Le bruit des pas se rappela à mon attention et je réalisai avec une sensation de froid intense, que j'assimilais totalement à la peur, que les hommes indésirables s'étaient arrêtés, certainement à moins de quinze pieds de nous, sans que nous ne pussions les apercevoir. Holmes avait également tourné le visage vers la gauche, sans doute pour surveiller la sortie du maigre espace qui nous servait de cachette de fortune. Il avait passé sa main – dans un instant d'incompréhension momentanée et totale pour moi – sur mon flanc gauche, et le poids de mon arme délesta ma veste. J'espérai vaillamment que Holmes savait tirer de la main gauche – et ne parvins pas à occulter de mon esprit le fait que le nombre de nos balles était limité et que, même s'il atteignait un homme ou deux, il en était dix autres qui se feraient un plaisir de nous massacrer, faits comme des rats comme nous l'étions.

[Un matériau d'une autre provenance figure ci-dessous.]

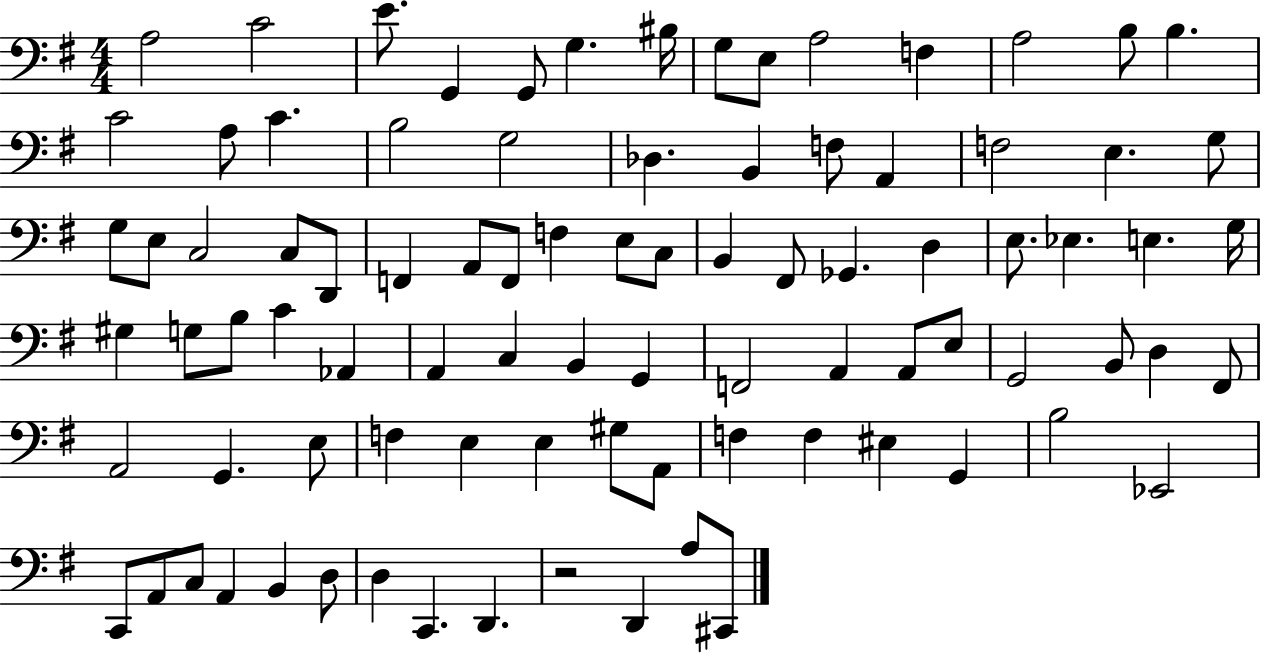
X:1
T:Untitled
M:4/4
L:1/4
K:G
A,2 C2 E/2 G,, G,,/2 G, ^B,/4 G,/2 E,/2 A,2 F, A,2 B,/2 B, C2 A,/2 C B,2 G,2 _D, B,, F,/2 A,, F,2 E, G,/2 G,/2 E,/2 C,2 C,/2 D,,/2 F,, A,,/2 F,,/2 F, E,/2 C,/2 B,, ^F,,/2 _G,, D, E,/2 _E, E, G,/4 ^G, G,/2 B,/2 C _A,, A,, C, B,, G,, F,,2 A,, A,,/2 E,/2 G,,2 B,,/2 D, ^F,,/2 A,,2 G,, E,/2 F, E, E, ^G,/2 A,,/2 F, F, ^E, G,, B,2 _E,,2 C,,/2 A,,/2 C,/2 A,, B,, D,/2 D, C,, D,, z2 D,, A,/2 ^C,,/2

Ils restaient toujours invisibles à nos yeux, cependant, et c'était tant mieux car cela indiquait que la réciproque était vraie également. Leurs voix nous parvenaient comme si nous avions été parmi eux et ils parlaient très clairement d'un colis exceptionnel – piètre nom de code pour l'homme qui nous intéressait – qu'il fallait à tout prix décharger avant que des fouilles-merdes ne remontent jusqu'à leur bande. Leurs phrases et leurs mots me révélèrent que le QI moyen de nos lascars se situait à des profondeurs globalement abyssales. Leurs élucubrations me soufflèrent également que la violence physique, la cruauté et l'assassinat étaient des notions qu'ils embrassaient avec passion et dynamisme.

Totalement oublieux de ce qui m'était momentanément apparu comme l'élément le plus problématique de notre situation – la proximité dangereuse de Holmes dans mon dos – je commençai à sentir mon souffle s'emballer. Ce n'était pas exactement le moment d'avoir une attaque de panique, j'en étais bien conscient ; mais les dernières nuits avaient été agitées, nous avions recherché des indices et nous avions plus d'une fois été mis dans des positions potentiellement fatales ; le manque de sommeil ajouté au stress accumulé avait un effet tout à fait pernicieux sur ma capacité à réagir face à une nouvelle situation délicate. Holmes sentit visiblement venir la crise, car il colla sa bouche à mon oreille et murmura des paroles qui se voulurent réconfortantes :

« Tout va bien, Watson. Au pire, s'ils nous trouvent, ils ne s'amuseront pas longtemps avec nous : vous les avez entendus, ils commencent à s'inquiéter par rapport à notre homme et s'ils s'aperçoivent que nous sommes si proches de les débusquer, ils ne souhaiteront rien d'autre que de nous réduire au silence le plus vite possible. »

Peut-être mon sociopathe d'ami se rendit-il compte que cela ne calmait absolument pas ma respiration qui menaçait d'une minute à l'autre de se faire sifflante, donc audible, donc foncièrement problématique. Ou peut-être n'en sut-il rien, d'ailleurs. Toutefois, sa main droite migra de mon épaule à mon cou, desserra ma cravate et dégrafa mon premier bouton de chemise – et j'appréciai l'action à sa juste valeur en me demandant pour quelle raison je n'y avais pas moi-même pensé plus tôt : ce type de lien autour du cou empirait singulièrement les difficultés à respirer, quelles qu'elles soient. Puis, à mon grand étonnement, ses doigts s'immiscèrent dans mon col au niveau de ma clavicule gauche. Ils remontèrent le long de l'os saillant vers mon trapèze et je les sentis se poser, comme s'ils l'avaient fait toute leur vie, sur un point précis au creux de mon épaule entre mon biceps et mon pectoral.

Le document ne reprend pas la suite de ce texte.